Copies of this announcement are not being made and may not be distributed or sent into the United States, Australia, Canada, Japan or any other jurisdiction in which such distribution would be unlawful or would require registration or other measures.

The securities referred to in this announcement have not been and will not be registered under the U.S. Securities Act of 1933, as amended (the "Securities Act"), and accordingly may not be offered or sold in the United States absent registration or an exemption from the registration requirements of the Securities Act and in accordance with applicable U.S. state securities laws. The Company does not intend to register any part of the offering in the United States or to conduct a public offering of securities in the United States. Any offering of the securities referred to in this announcement will be made by means of a prospectus.

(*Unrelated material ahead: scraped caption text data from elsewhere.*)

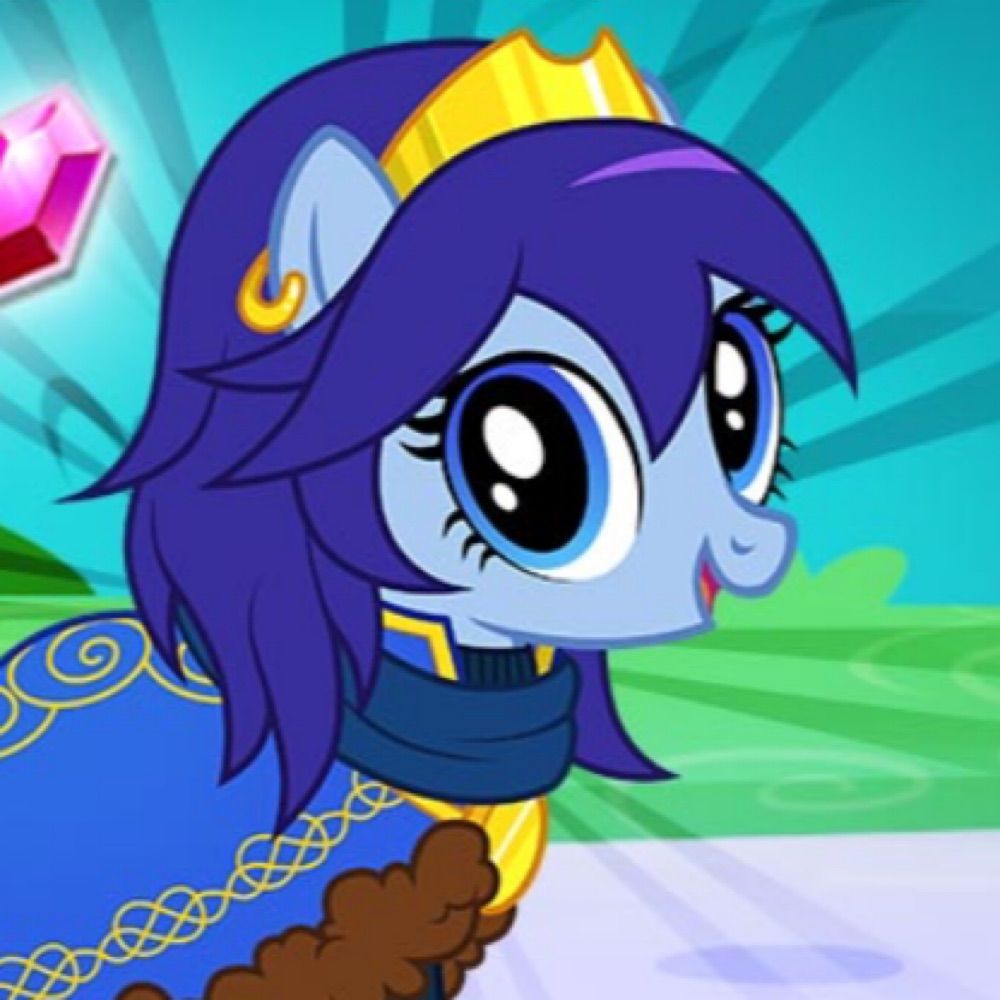 mrtheneet.bsky.social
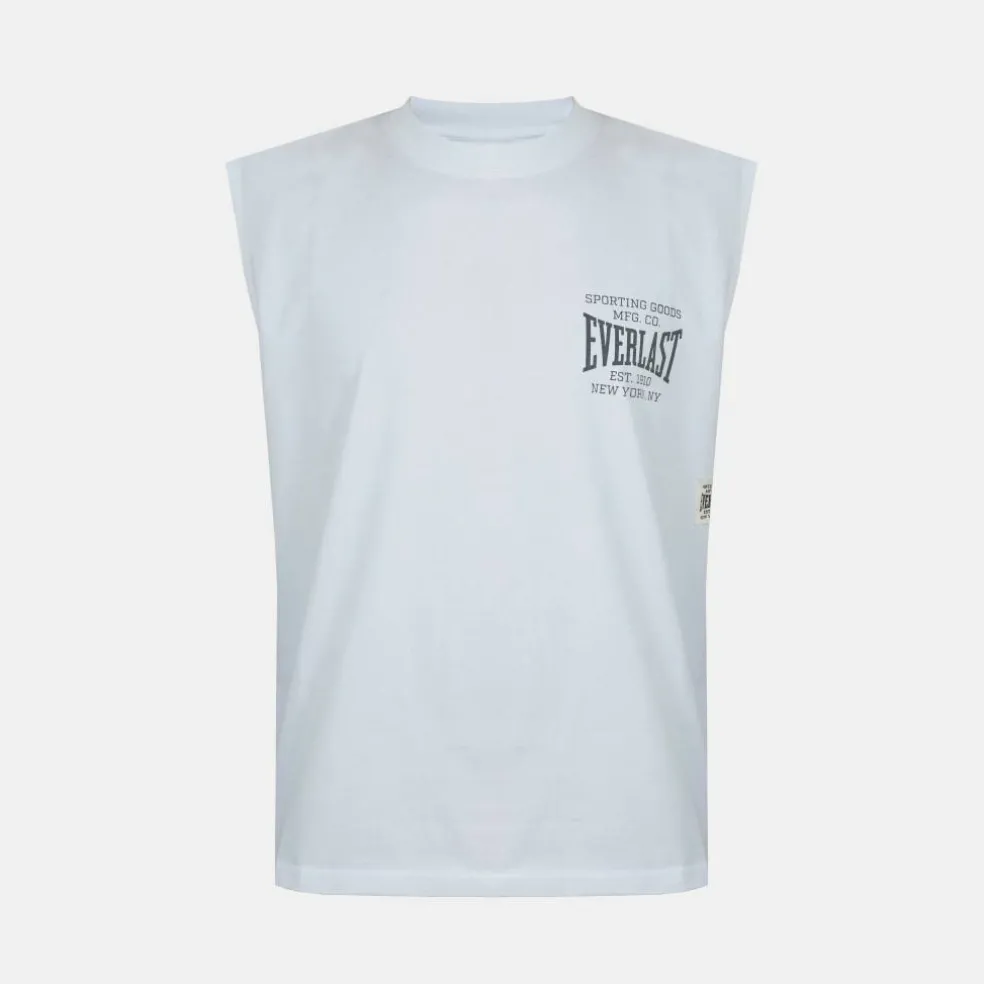 Men's NYC Vest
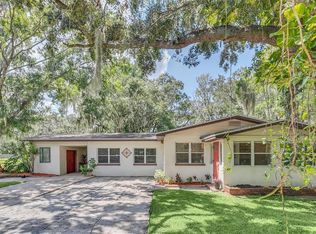 3804 Heatherington Rd, Orlando, FL 32808
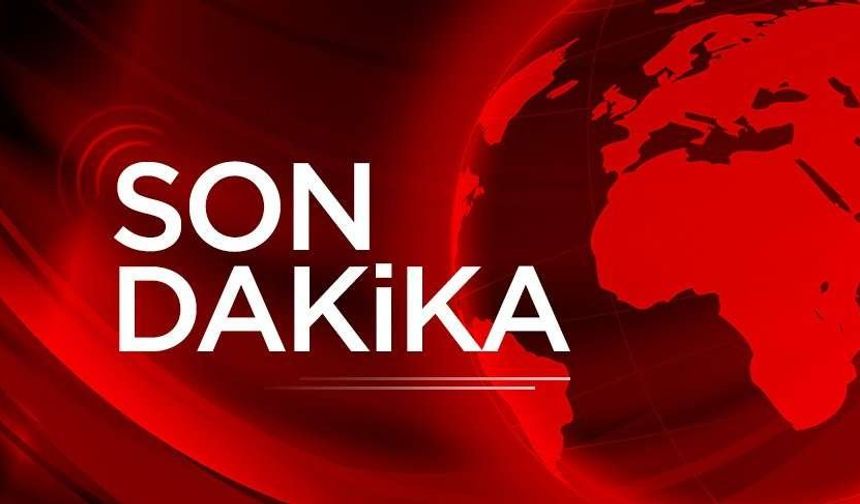 Bursa Kuzey Marmara'da trafik kazası 4 ölü 6 yaralı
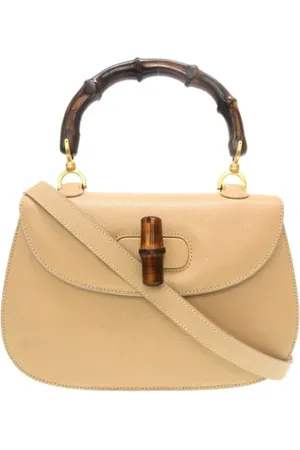 Gucci Mujer, De segunda mano, , Talla: ONE Size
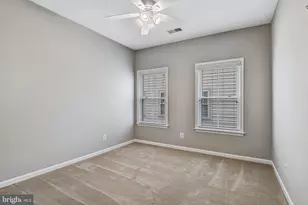 12035 Infantry Ln, Bristow, VA 20136 - Photo 44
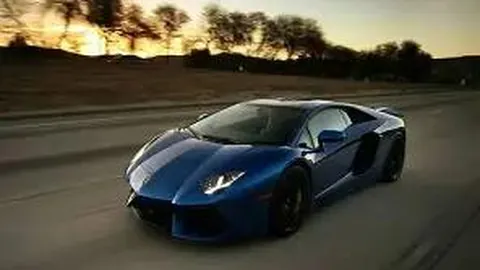 北京端午节体育盛事纷呈，融合多元水上游乐与顶级赛事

This announcement is not a prospectus for the purposes of Directive 2003/71/EC (together with any applicable implementing measures in any Member State, the "Prospectus Directive"). Investors should not subscribe for any securities referred to in this announcement except on the basis of information contained in the aforementioned prospectus. In any EEA Member State other than Norway that has implemented the Prospectus Directive, this communication is only addressed to and is only directed at qualified investors in that Member State within the meaning of the Prospectus Directive, i.e., only to investors who can receive the offer without an approved prospectus in such EEA Member State.

This communication is only being distributed to and is only directed at persons in the United Kingdom that are (i) investment professionals falling within Article 19(5) of the Financial Services and Markets Act 2000 (Financial Promotion) Order 2005, as amended (the "Order") or (ii) high net worth entities, and other persons to whom this announcement may lawfully be communicated, falling within Article 49(2)(a) to (d) of the Order (all such persons together being referred to as "relevant persons"). This communication must not be acted on or relied on by persons who are not relevant persons. Any investment or investment activity to which this communication relates is available only to relevant persons and will be engaged in only with relevant persons. Persons distributing this communication must satisfy themselves that it is lawful to do so.

The information, opinions and forward-looking statements contained in this announcement speak only as at its date, and are subject to change without notice.